[WHAT THE TASK ASKS] Set down without change every line from the line that contains "hotels in mahadevapura" through the end of the listing, and only those lines. No pictures.

[PROVIDED RECORDS]
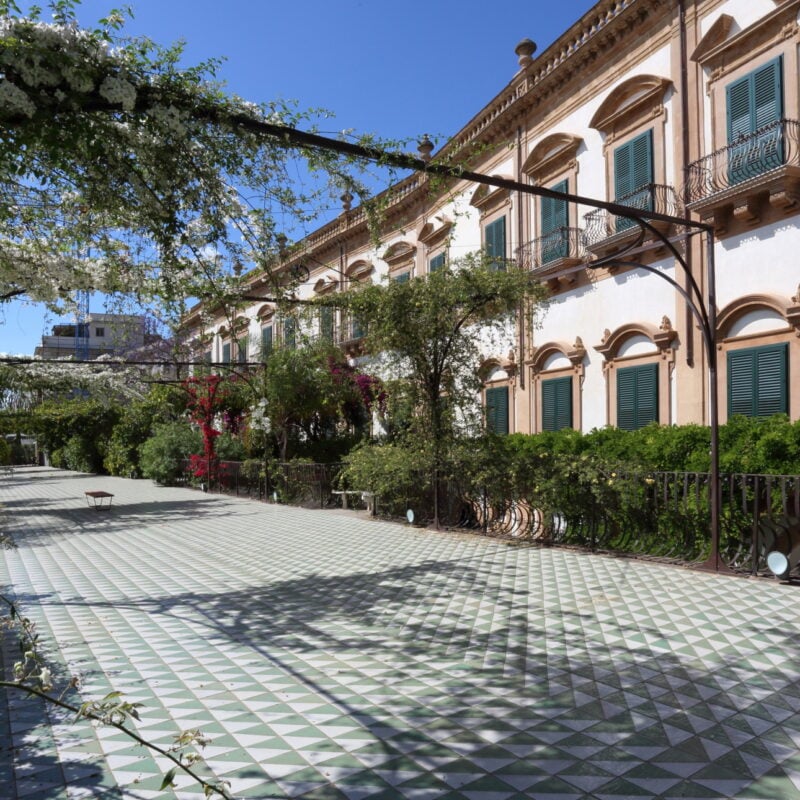 Palazzo Butera | Palazzo Butera Foundation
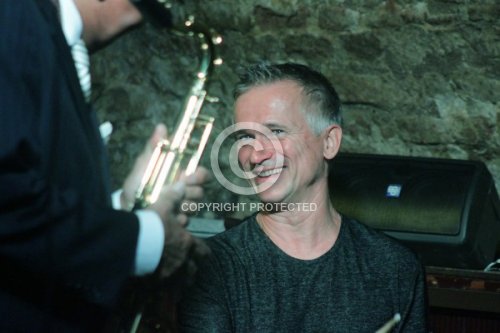 DUDLI JORIS  2012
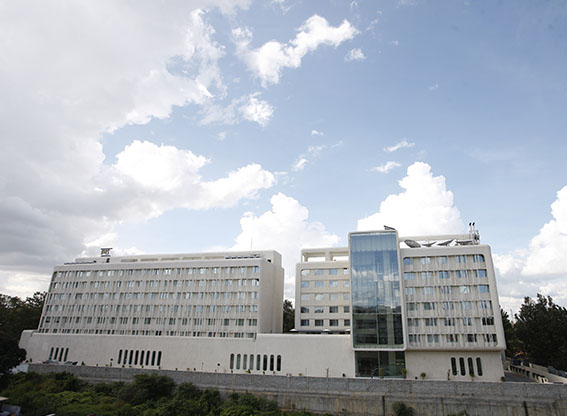 hotels in mahadevapura
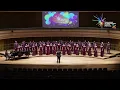 Download Lagu Choir Pemuda GMIM - O Magnum Mysterium Tomas Luis de Victoria | Singapore Int'l Choral Festival 2024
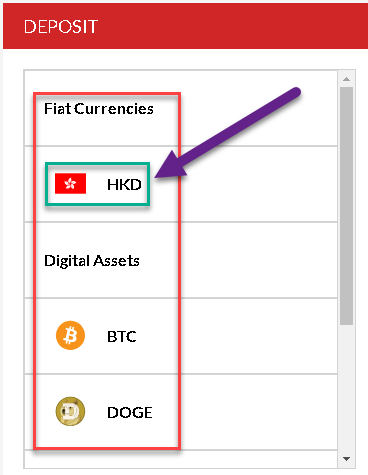 how to fund your ANXPRO account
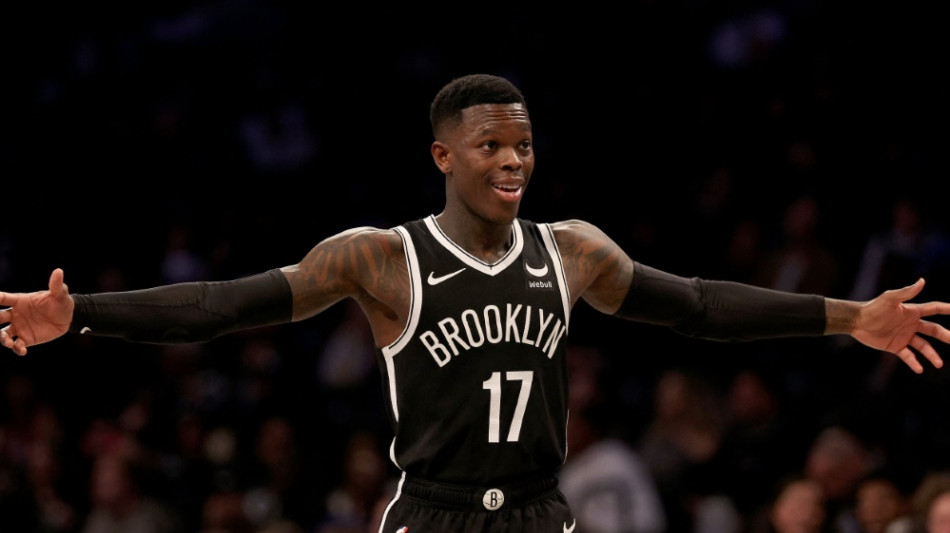 NBA: Schr&ouml;der siegt bei Dreier-Festival - "Wemby" gl&auml;nzt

[REPLY TO THE TASK]
 hotels in mahadevapura
 Download Lagu Choir Pemuda GMIM - O Magnum Mysterium Tomas Luis de Victoria | Singapore Int'l Choral Festival 2024
 how to fund your ANXPRO account
 NBA: Schr&ouml;der siegt bei Dreier-Festival - "Wemby" gl&auml;nzt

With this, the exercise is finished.